“Doctor, my hair is thin and falling out. What should I do?”
I can’t count the number of times I’ve heard this complaint from patients. There are many reasons for unhealthy hair: hormone imbalances, inadequate nutrition, lack of key minerals necessary for vibrant hair, smoking, and stress are the most common.
Changes in skin and hair provide clues to underlying vitamin deficiencies. Since hair and skin reflect the overall condition of the body, I take a close look when my patients complain about thinning hair.
What Hair is Made Of
Knowing what hair is made of helps guide food and nutrients choices for strong hair. It also helps maintain skin and nail health.
Hair is an outgrowth of filamentous (“hair-like”) cells made of keratin that grow from follicles found in the dermis—that biologically active layer of the skin. Keratins are structural proteins. Nails and the outer layer of skin are also made by keratin. Human hair also includes the pigment melanin that is responsible for hair color, fats, and small quantities of vitamins and traces of minerals like zinc. Hair also contains 10–15 % water, which helps maintain moisture and balances its biochemistry.
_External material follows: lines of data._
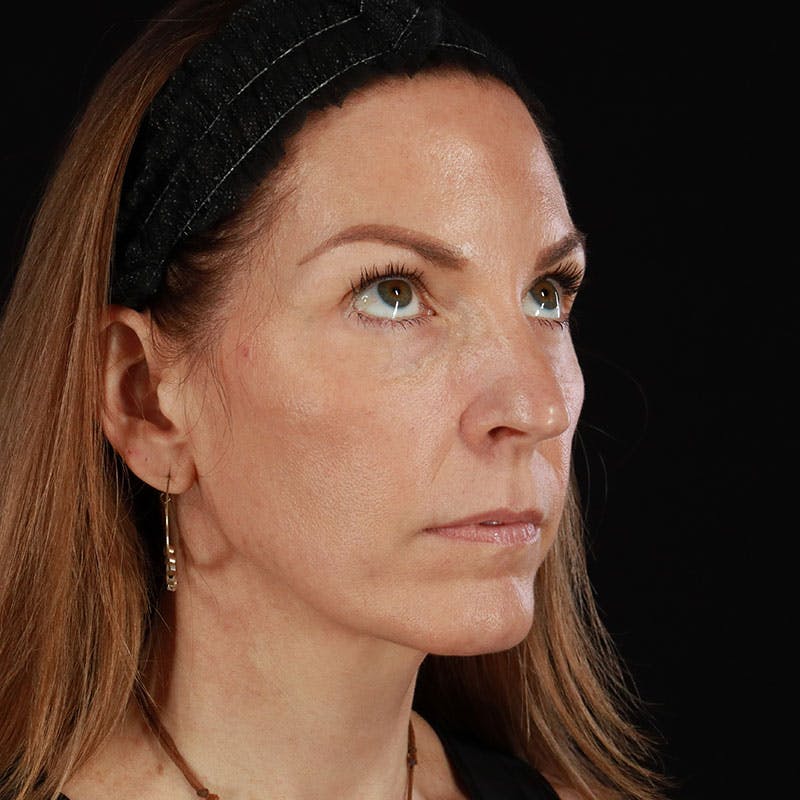 PRP/PRF Therapy Before & After Gallery - Patient 355401 - Image 6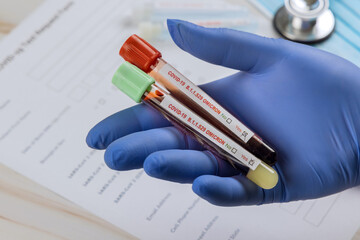 Tube containing a blood sample for COVID-19 that has tested positive of new version Omicron of...
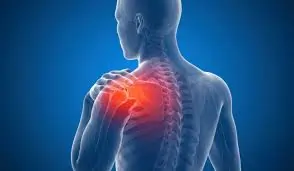 Home Exercises for Frozen Shoulder Relief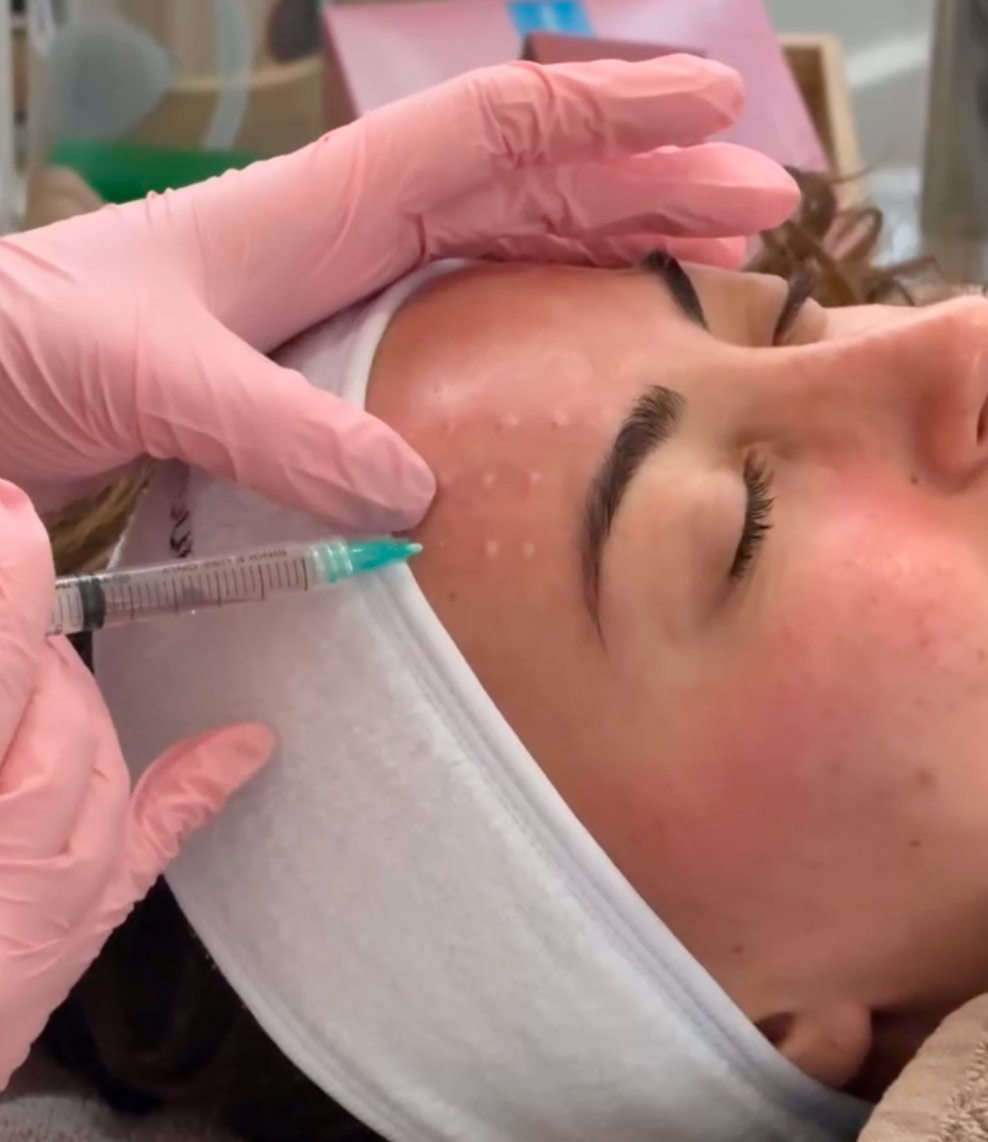mesotherapie Mésothérapie : hydrater, revitaliser et illuminer la peau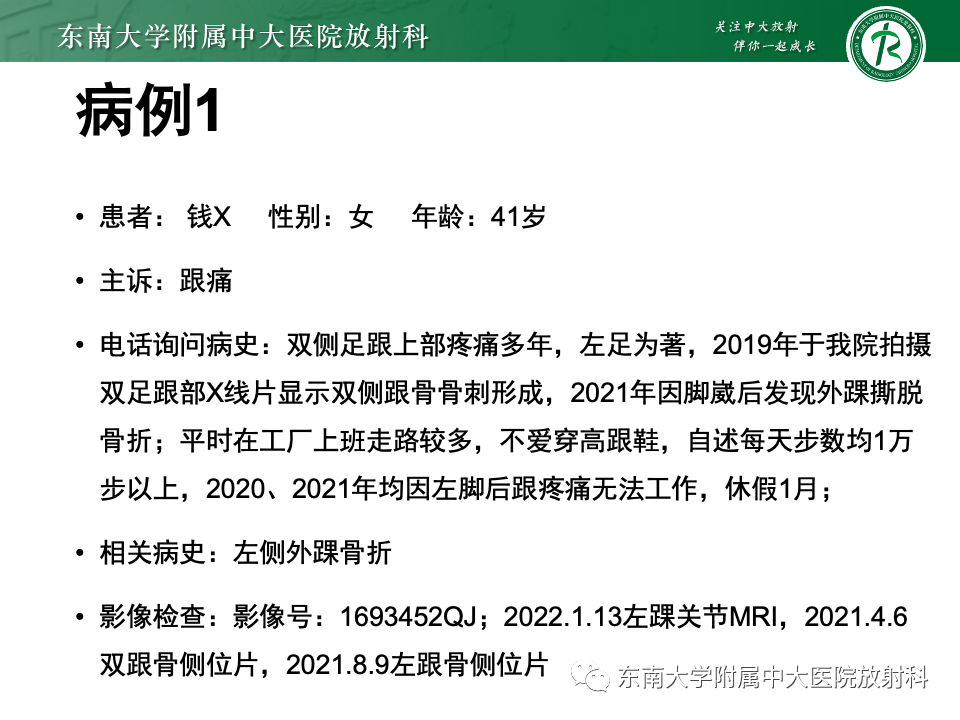 影像PPT - 【PPT】Haglund综合征-2 影像PPT - 【PPT】Haglund综合征-2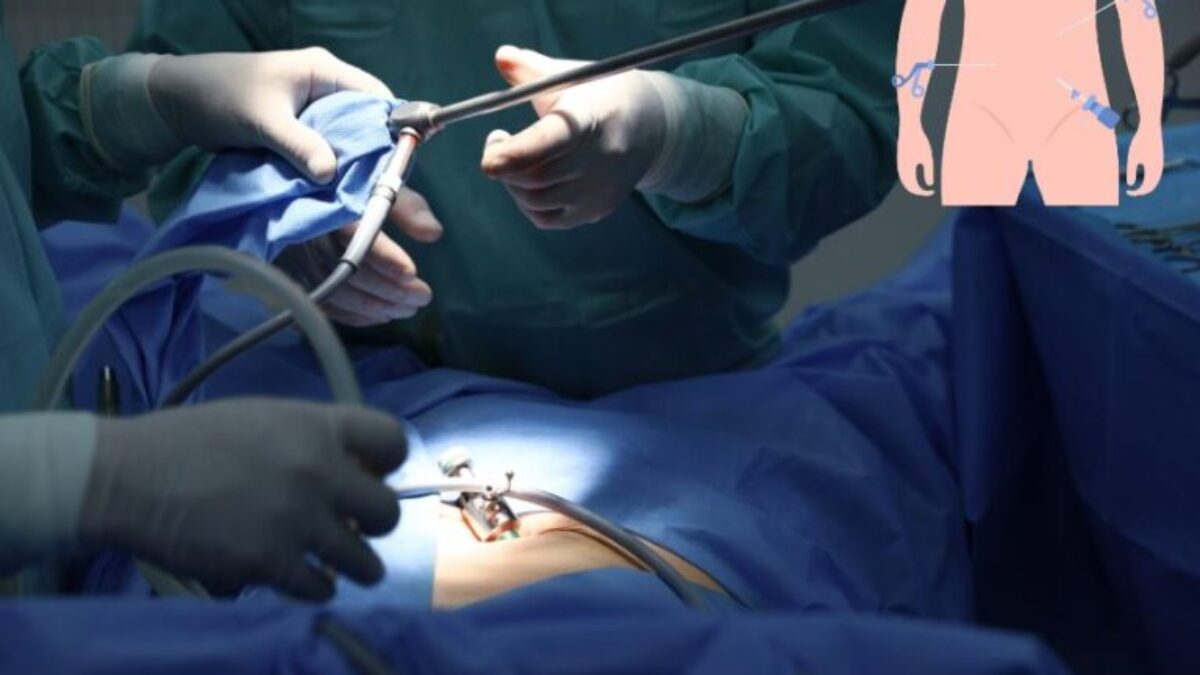 Laparoscopic Surgery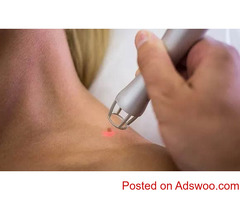 Revitalize Your Skin with Professional Mole and Skin Tag Removal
Step One: Consume More Protein, Oils, and Water
To have strong hair, you need strong keratin. Start by getting enough protein and healthy fats and oils. Protein-rich meals are important because protein assists in the production of keratin. If you’re not vegan or vegetarian, eat lean meats, poultry, and fish to help build up keratin. Low-fat dairy products have essential amino acids that boost keratin production. Try cottage cheese and Greek yogurt for added keratin development. High-protein sources not derived from meat including beans, almonds, and walnuts can also increase keratin production. Take omega-3 fish oil or plant-based oils like flax or sacha inchi.
Step 2: Eat Plants To Support Hair Repair
Vitamin C is a building block for keratin, so citrus fruits, peppers, chilies, and Brussels sprouts—fruits high in vitamin C—can increase the development of keratin. Biotin plays a role in metabolizing proteins, so it supports keratin production. Eat biotin-rich vegetables like cauliflower, kale, broccoli, and onions to improve the properties of keratin in the body. Beta-carotene rich foods also count when improving hair. Carrots, cantaloupe, sweet potatoes and yams, mangoes, pumpkin, and apricots are all good sources of beta-carotene. Whole grains are also good food sources that support the generation of keratin.
Ten Foods For Healthy Hair
- Wild Caught Salmon
- Greek Yogurt
- Wild Blueberries
- Free Range Organic Poultry
- Sweet Potatoes
Step 3: Take Supplements For Hair Repair
Healthy hair growth requires a complex of nutrients, a ready supply of oxygen, and adequate water. When diet is not enough to stop hair from falling out, turn to supplements for faster results. Certain vitamins, minerals and amino acids are crucial to the metabolic pathways involved in keratin protein metabolism. Lack of key nutrients can lead to poor hair health.
Check your vitamin B levels. Thiamin (vitamin B1), riboflavin (B2), and niacin (B3) nourish hair-follicle cells. Pantothenic acid (B5) gives hair flexibility, strength and shine, and helps prevent hair loss and greying. Pyridoxal phosphate (B6) helps prevent dandruff. And vitamin B12 prevents hair loss. Biotin is another nutrient associated with hair loss. Low folic acid levels may contribute to decreased hair-follicle cell division and growth. However, plant-based eaters always have high levels of folic acid when their blood is tested for this important nutrient.
One of vitamin C’s functions is to help build healthy collagen, the connective tissue found within hair follicles and skin. Vitamin E helps maintain the integrity of cell membranes in hair follicles. Beta-carotene is important for hair growth because it converts to vitamin A as the body needs it, helping maintain normal growth and bone development, and promoting healthy skin, nails, and hair.
Minerals are also necessary for hair health, including calcium, magnesium, and sulfur. Zinc, iron, and silica are essential nutrients for healthy hair.
Ten Supplements for Healthy Hair
- Omega-3 and -6
- Vitamin B12
- Vitamin B5
- Vitamin B6
- Vitamin C
Step 4: Balance Hormones for Super Healthy Hair
Low thyroid gland function is associated with thinning hair and coarse skin. If dietary changes and taking supplements doesn’t improve your hair, get your thyroid hormones tested. The adrenal hormone cortisol rises with stress. Too much of it causes hair loss. As you age, lower estrogen in women can lead to thin lifeless hair. And, in men, too much of the wrong kind of testosterone, called dihyrotestosterone, is associated with balding. If you suspect hormone deficiencies, or excesses, get tested and work with you doctor to restore hormone balance.
For vibrant thriving hair at any age, consume enough protein, get abundant plant-based nutrients, and take nutritional supplements that support hair health. Hydrate with plenty of pure water. And, get your hormone levels tested.